1. Field of the Invention
The present invention relates to a semiconductor manufacturing apparatus of vacuum load lock type. It also relates to a structure and operating method of a compact sheet-feed semiconductor apparatus capable of processing wafers efficiently and continuously or simultaneously.
2. Description of the Related Art
In general, conventional semiconductor manufacturing apparatuses of vacuum load lock type, which are used in the manufacture of integrated semiconductor circuits, comprise a load lock chamber, transfer chamber and multiple reaction chambers (processing chambers) connected to the transfer chamber. Each chamber uses a wafer transfer robot to automatically feed wafers, and is operated as follows. First, an atmospheric robot installed in a mini-environment carries a wafer into the load lock chamber from a wafer cassette or FOUP (a box equipped with removable wafer cassettes and front-opening interface). Next, the load lock chamber is evacuated to a vacuum state, after which a vacuum robot inside the common polygonal transfer chamber is used to transfer the wafer to each reaction chamber. Once the wafer has been processed in the reaction chamber, the wafer is transferred to the load lock chamber via the vacuum robot. Finally, the interior of the load lock chamber is restored to atmosphere and the processed wafer is carried out to a cassette or FOUP via the atmospheric robot. This type of apparatus is generally called a “cluster tool.” However, an attempt to configure a “cluster tool” apparatus offering higher productivity (throughput) will increase the installation space and width (faceprint) of the apparatus.
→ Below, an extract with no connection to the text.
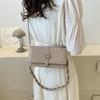 Trendy Minimalist Small Square Shoulder Bag For Women In Chic Colors For Everyday Use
In the meantime, apparatuses have been developed where the load lock chamber is equipped with a transfer mechanism, and reaction chambers are provided adjoining the load lock chamber via a gate valve (GV) in order to reduce the footprint of the apparatus. However, this configuration also presents the same problem; i.e., increasing the number of reaction chambers to configure an apparatus offering higher throughput will still increase the installation space and faceprint of the apparatus. Also, the number of reactors that can be handled by one atmospheric robot is limited, and therefore an increase in the number of reaction chambers necessitates the numbers of atmospheric robots, FOUP openers, etc., to be increased accordingly.
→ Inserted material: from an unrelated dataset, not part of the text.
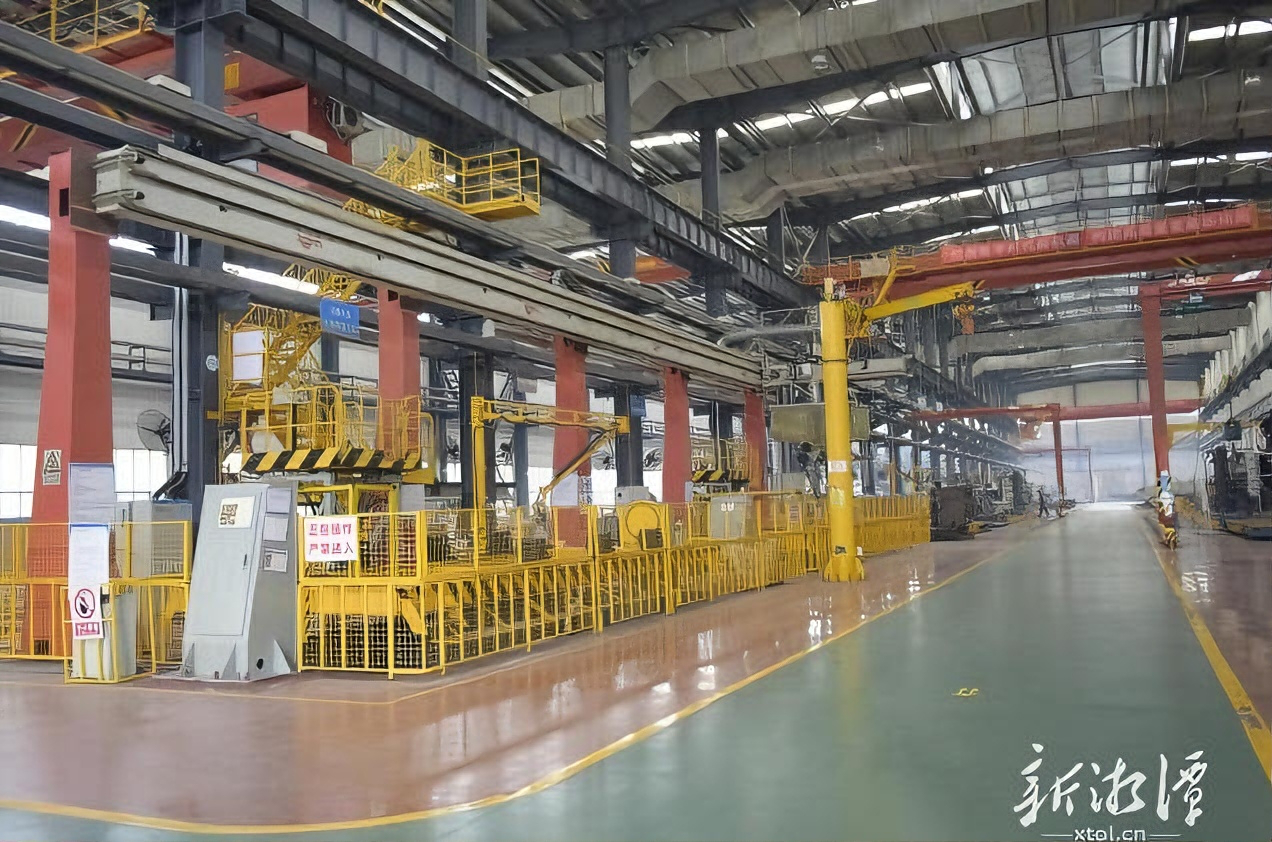 從「老三樣」到「新三樣」——新湘潭的浪漫工業印記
In an embodiment of the present invention aimed at solving at least one of the problems mentioned above, a semiconductor manufacturing apparatus of vacuum load lock type is provided wherein said semiconductor manufacturing apparatus is characterized in that it comprises a load lock chamber, a reaction chamber adjoining the load lock chamber, and an atmospheric transfer robot installed outside the load lock chamber, where the load lock chamber has a wafer transfer mechanism that can be operated in vacuum and the chamber structure that allows wafers to be exchanged between the atmospheric transfer robot and each chamber is stacked vertically over at least two levels.
In another embodiment, a semiconductor manufacturing apparatus according to the embodiment described above is provided, wherein said semiconductor manufacturing apparatus is characterized in that a FOUP stocker with at least one FOUP (a box equipped with removable wafer cassettes and front-opening interface) opener is provided in front of the atmospheric transfer robot so that multiple FOUPs can be carried in/stored and set/carried out temporarily, and therefore wafers can be exchanged between the FOUP stocker and atmospheric transfer robot.
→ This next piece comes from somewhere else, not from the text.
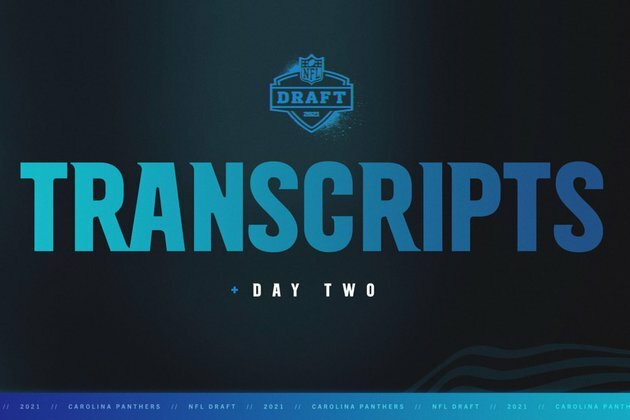 2021 Draft Day 2 Transcripts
In another embodiment, a semiconductor manufacturing apparatus according to either of the embodiments described above is provided, wherein said semiconductor manufacturing apparatus is characterized in that at least two pairs of load lock chamber and reaction chamber are installed in the horizontal direction, and a FOUP stocker with at least two FOUP openers capable of storing multiple FOUPs temporarily is provided in front of the atmospheric transfer robot so that wafers can be exchanged between the FOUP stocker and atmospheric transfer robot.
In yet another embodiment, a semiconductor manufacturing apparatus according to any one of the embodiments described above is provided, wherein said semiconductor manufacturing apparatus is characterized in that the atmospheric transfer robot comprises at least two robots having a single wafer transfer arm or one robot having at least two wafer transfer arms, and at least two wafers are carried out of the FOUP almost simultaneously and installed in the wafer transfer mechanism inside the load lock chamber almost simultaneously.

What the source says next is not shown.